At a press conference last week, Health Minister Dr Christopher Tufton sent condolences to the family and hailed White-Best’s and her colleagues’ valiant efforts on the coronavirus frontline.
This is even as his ministry reports a less than satisfactory COVID-19 vaccine take-up among healthcare workers of 65 per cent for the first dosage, and just over 40 per cent for those who have come for their second dose. It was not immediately clear the disaggregation of the percentages.
On the weekend, Tufton posted photos of inside a COVID-19 ward with the caption: “Here is a Jamaica COVID-19 ward reality. Patients are monitored using cameras. 26 patients on one ward with two nurses. From you enter, you cannot see anyone on the outside. You can’t bathe. You can’t go to the bathroom. Get vaccinated and avoid this.”
“Another reality, people DIE! And this is how you are wheeled to the morgue,” read another caption under a photo of two porters pushing a trolley with what appears to be a covered-over corpse.
After coming under fire for the postings, yesterday the health minister defended it, saying “It’s important that the COVID conversation process involves full disclosure around the virus and its effects and impact. Both from prevention to treatment. Also, the myths and realities.
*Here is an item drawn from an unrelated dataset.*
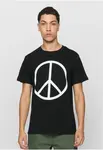 Černé tričko Peace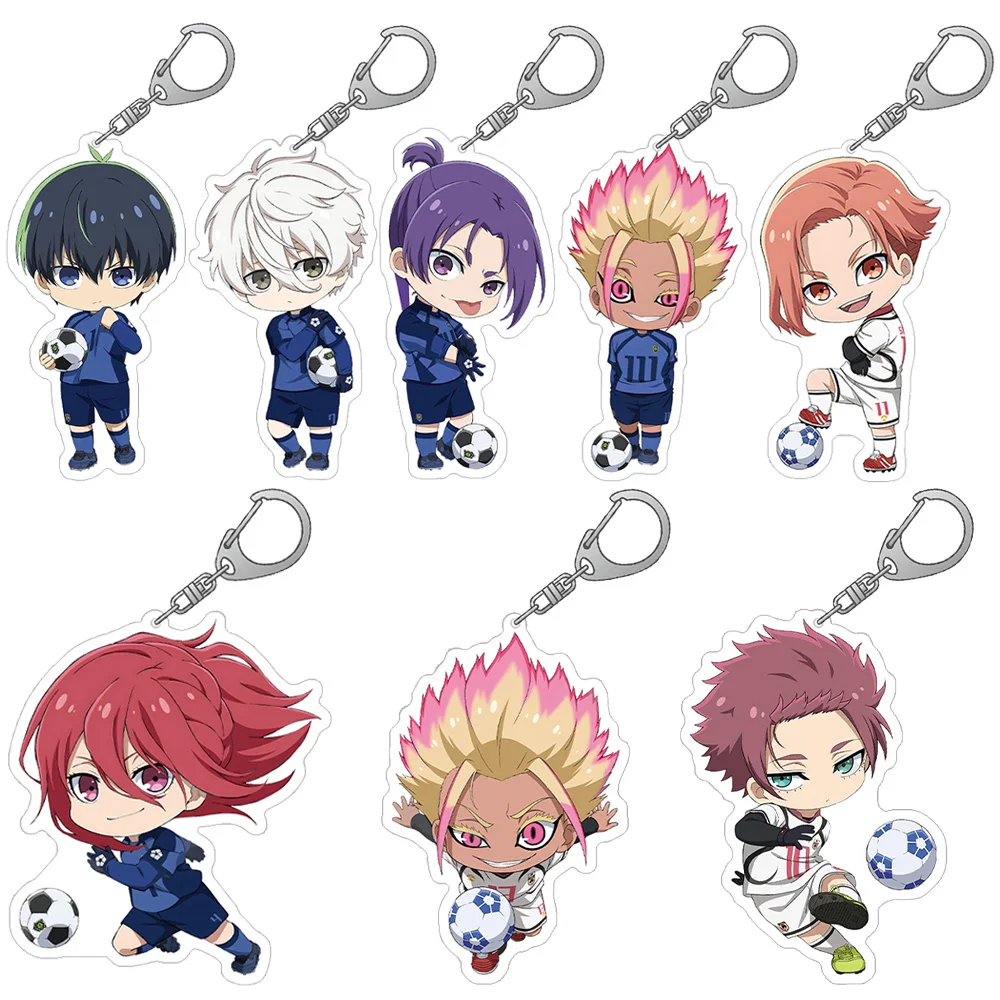 

Lucky Seven Store TV football Anime Blue lock Official You Hiori Yoichi Isagi cute Acrylic keychain Bag pendant holiday gift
“Taking the camera into the isolation wards exposes part of the reality of COVID’s devastating impact on people. I think Jamaicans need to see this, as controversial as it might be. Hopefully persons become more informed and take better precaution to protect themselves.”
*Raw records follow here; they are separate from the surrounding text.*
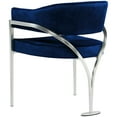 thumbnail image 6 of Meridian Furniture Madelyn Navy Velvet Dining Chair, Set of 2, 6 of 6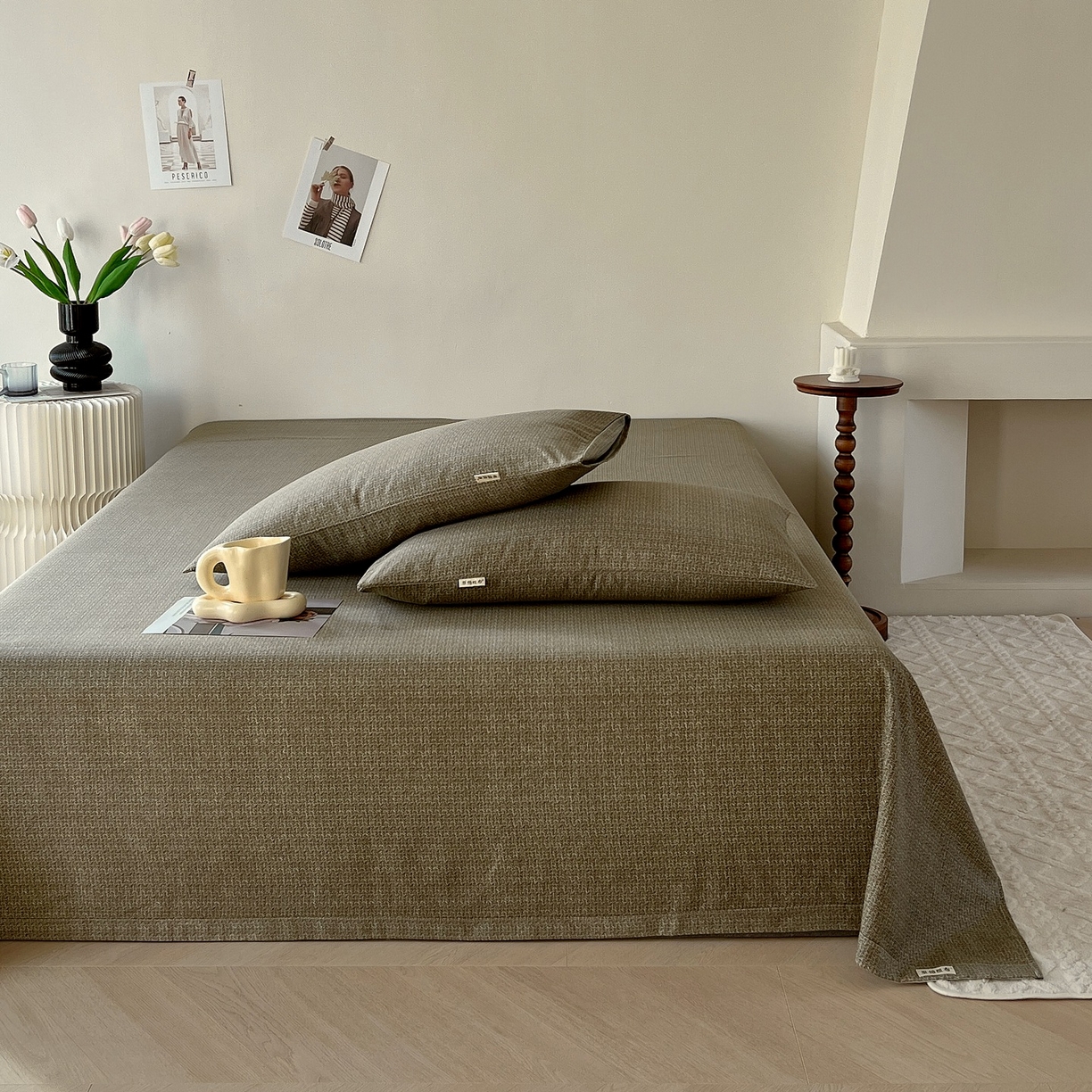 91家纺网 家纺一手货源 找家纺 （总）春皖家纺 2026新款全棉老粗布席子凉席普通款单床单床单单件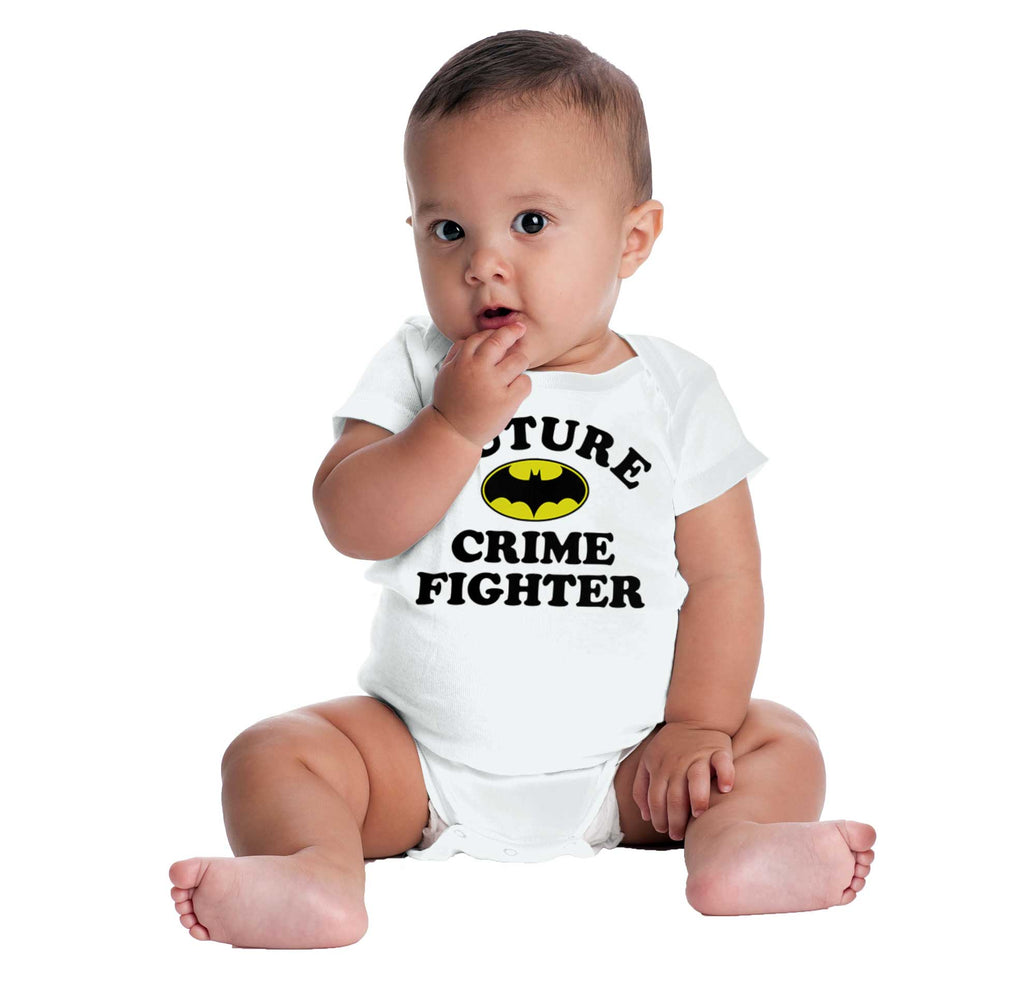 Crime Fighter Romper Bodysuit-Direct To Garment Print-Brisco Baby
While urging all healthcare workers to take the vaccine, as she did, “as a leader” who also has sick relatives at home, Edwards-Henry explained that there may be several reasons for hesitancy among nurses – one of them is fear.
“A lot of our nurses have comorbidities. Some nurses are waiting to be cleared by their physicians. You have others who are afraid of needles, just like the general population and are waiting, hoping that the one-dose will come. And you have others who generally don’t trust the vaccination process, mostly out of fear of the unknown,” the NAJ president explained, noting that many nurses become temporarily ill after taking the jab.
Still it is imperative that all nurses, like all Jamaicans, get on board, she said.
“Persons need to just look at what is happening. We have more than 500 new cases today and we have 13 deaths, there is nowhere in the hospital to put people. It doesn’t make sense we try to fool ourselves. The Government say they are going to build field hospitals, but there is nobody to care for these people,” she stressed.
Jamaica now has 8,225 total active COVID-19 cases from 57,289 overall confirmed cases. With a positivity rate of 38.5 per cent, so far 1,285 Jamaicans have died from the virus.
On Friday, the health ministry reported that the island’s vaccination numbers were at 393,863. Of that number, 258,466 were first doses, 134,462 second doses and 935 single doses.